=== Task statement ===
Starting with the line below that holds "Black Books Galore's" and stopping after the line that holds "ENGLISHPolar H7 Heart", transcribe the lines exactly, leaving out all pictures.

Image-text web data:
▼

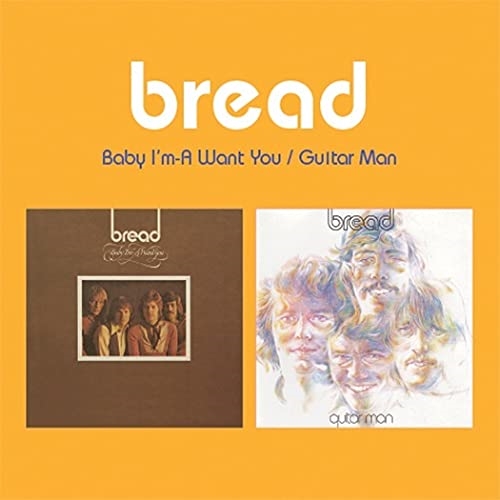 Bread: Baby I\'m-A Want You / Guitar Man (CD)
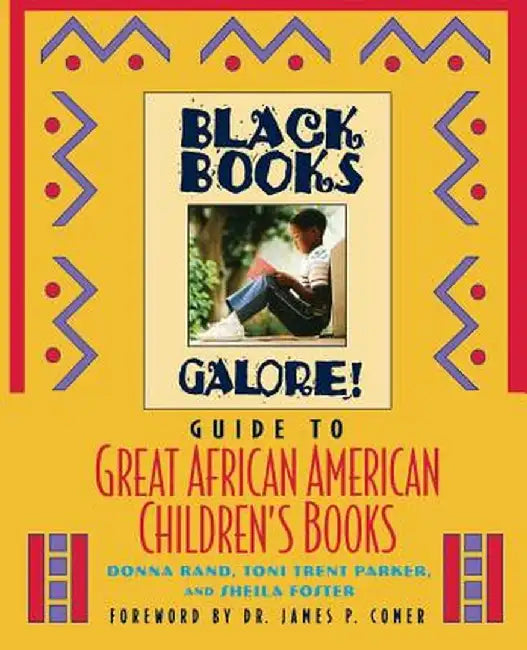 Black Books Galore's Guide to Great African American Children's Books by Donna Rand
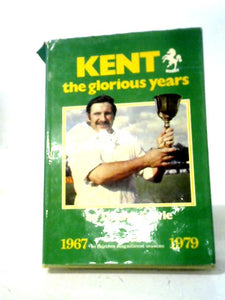 Kent: The Glorious Years 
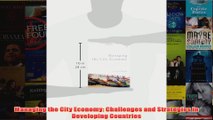 Managing the City Economy Challenges and Strategies in Developing Countries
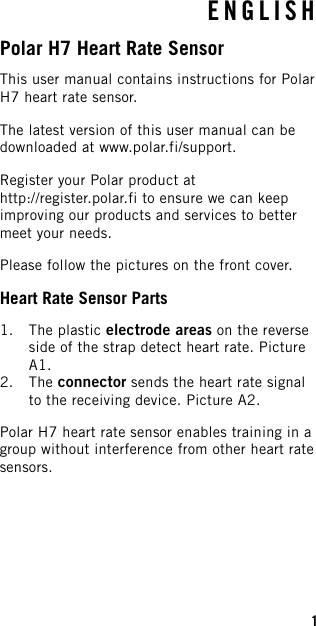 ENGLISHPolar H7 Heart Rate SensorThis user manual contains instructions for PolarH7 heart rate sensor.The latest version of this user manual can bedownloaded at www.polar.fi/support.Register your Polar product athttp://register.polar.fi to ensure we can keepimproving our products and services to bettermeet your needs.Please follow the pictures on the front cover.Heart Rate Sensor Parts1. The plastic electrode areas on the reverseside of the strap detect heart rate. PictureA1.2. The connector sends the heart rate signalto the receiving device. Picture A2.Polar H7 heart rate sensor enables training in agroup without interference from other heart ratesensors.1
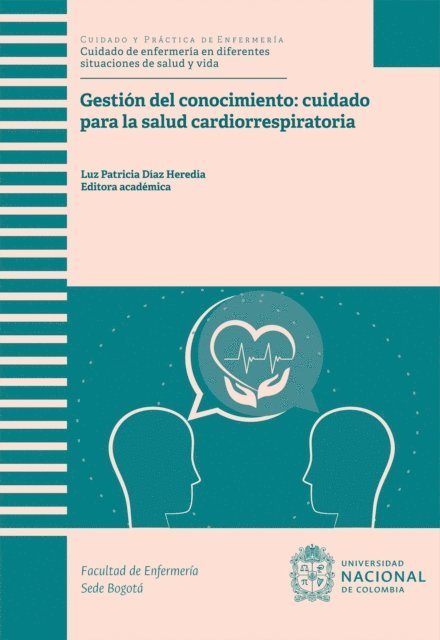 Luz Patricia Diaz Heredia - Gestión del conocimiento: cuidado para la salud cardiorrespiratoria, E-bok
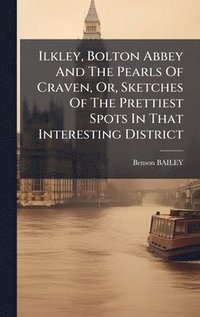 bokomslag Ilkley, Bolton Abbey And The Pearls Of Craven, Or, Sketches Of The Prettiest Spots In That Interesting District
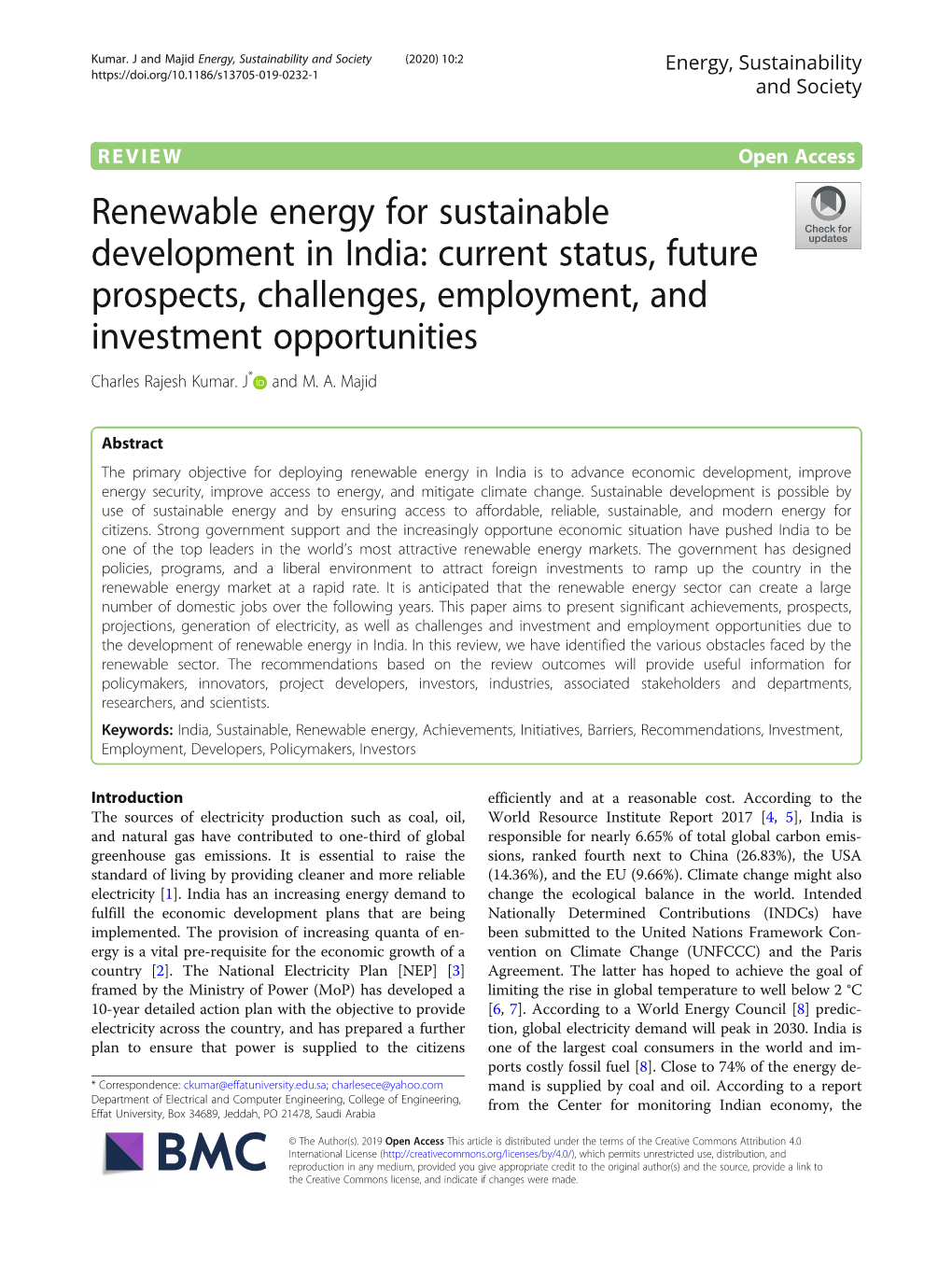 Renewable Energy for Sustainable Development in India: Current Status, Future Prospects, Challenges, Employment, and Investment Opportunities Charles Rajesh Kumar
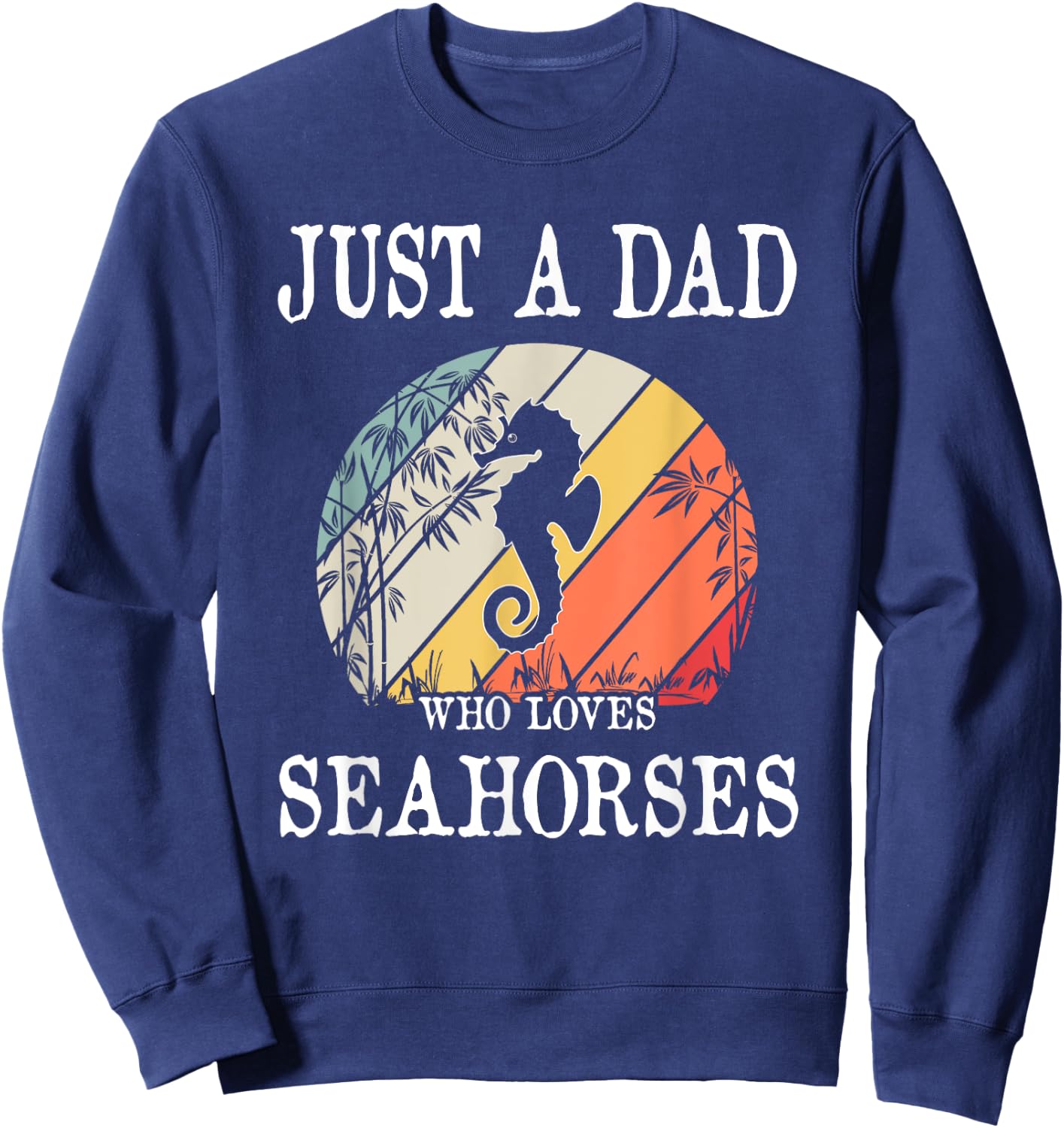 Just A DAD Who Loves Seahorses Sweatshirt - Sweatshirt | Navy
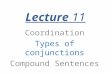 Coordination Types of conjunctions Compound Sentences Lecture 11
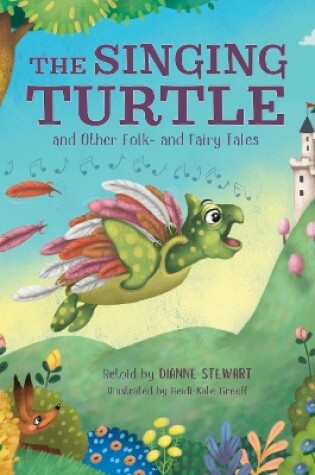 Cover of The Singing Turtle and Other Folk- and Fairy Tales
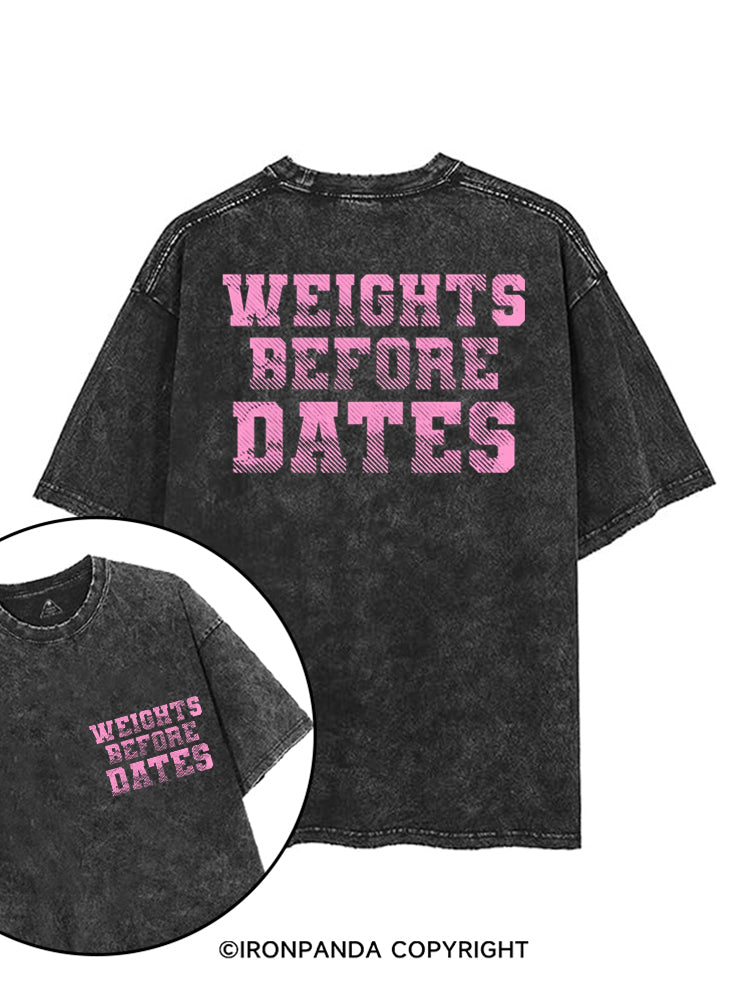 WEIGHTS BEFORE DATES FUNNY WORKOUT printed Gym Shirt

▲

=== Response to the exercise ===
 Black Books Galore's Guide to Great African American Children's Books by Donna Rand
 Kent: The Glorious Years 
 Managing the City Economy Challenges and Strategies in Developing Countries
 ENGLISHPolar H7 Heart Rate SensorThis user manual contains instructions for PolarH7 heart rate sensor.The latest version of this user manual can bedownloaded at www.polar.fi/support.Register your Polar product athttp://register.polar.fi to ensure we can keepimproving our products and services to bettermeet your needs.Please follow the pictures on the front cover.Heart Rate Sensor Parts1. The plastic electrode areas on the reverseside of the strap detect heart rate. PictureA1.2. The connector sends the heart rate signalto the receiving device. Picture A2.Polar H7 heart rate sensor enables training in agroup without interference from other heart ratesensors.1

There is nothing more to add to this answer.